The current Prosecco di Conegliano e Valdobbiadine DOC zone will become a DOCG from the 2009 vintage onwards.
Announcing the move, Prosecco DOC director Giancarlo Vettorello said that the IGT zone, which lies in the plains between Friuli and Veneto, will be upgraded to DOC status.
‘This is necessary because IGT is too generic and the region needs to be defined better,’ he said.
‘Also, the current situation created a lot of confusion, as there were all kinds of styles and prices of Prosecco on the market. Now the difference in quality and price will become much clearer.’
The new regulations stipulate that yields for both the new DOC and DOCG zones should be reduced.

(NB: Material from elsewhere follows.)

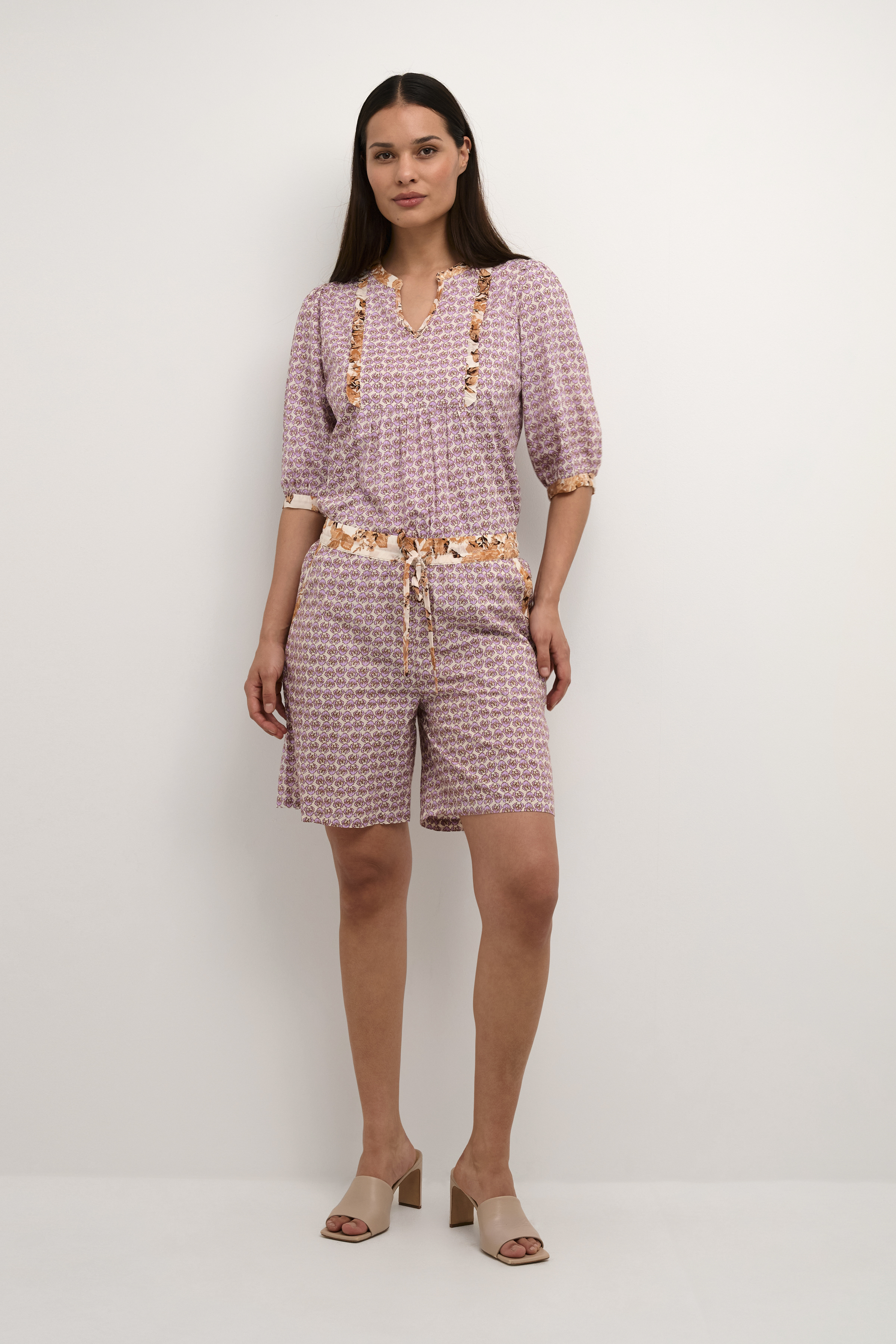 CRClara Shorts LOOKBOOK FRONT 10611427-104406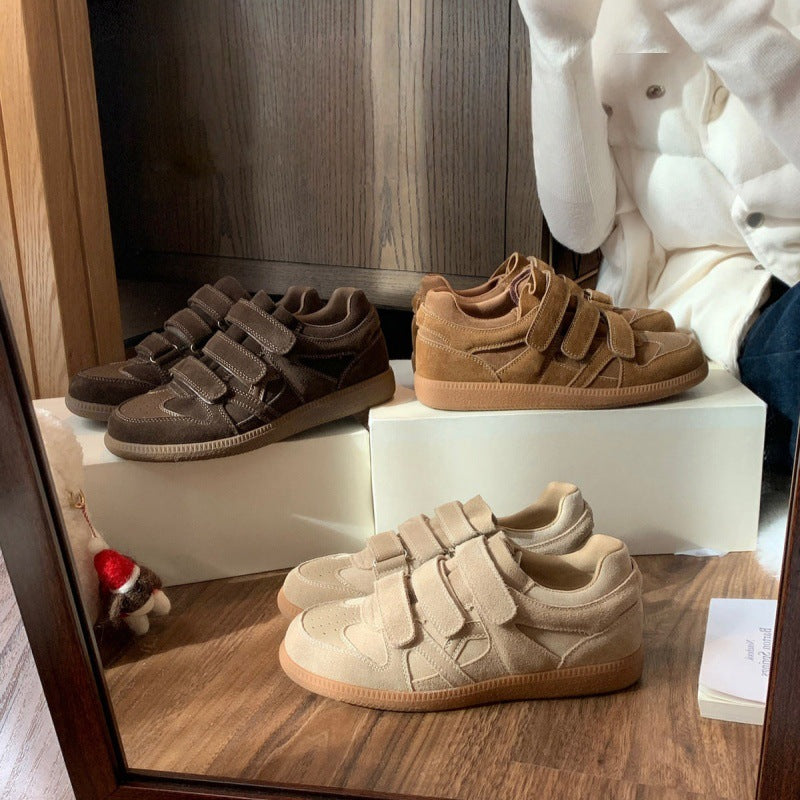 Damen Sportliche Velours-Sneaker mit praktischem Klettverschluss und dämpfender Sohle EB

The DOC will show the most drastic decrease – from the current 180hl/ha to 126hl/ha. There will also be a small reduction in yields in the DOCG zone, from 95hl/ha to 90hl/ha.
Inevitably, this drop in production will put pressure on the price of Prosecco.
‘We’re going to lose about 27% of production in the new DOC zone,’ Gianluca Bisol, general manager of Bisol e Figli, confirmed, ‘which means about 50 million fewer bottles on the market after the 2009 vintage. I think prices will go up, initially only at the bottom end of the market, but they will rise at the top end too.’
At the same time, legislation due to be passed on 1 August this year will make it illegal for producers outside of the DOC/DOCG zone to use the name Prosecco.
Instead, they will have to use the name ‘Glera’, a synonym for Prosecco. This will affect very few wines available outside Italy.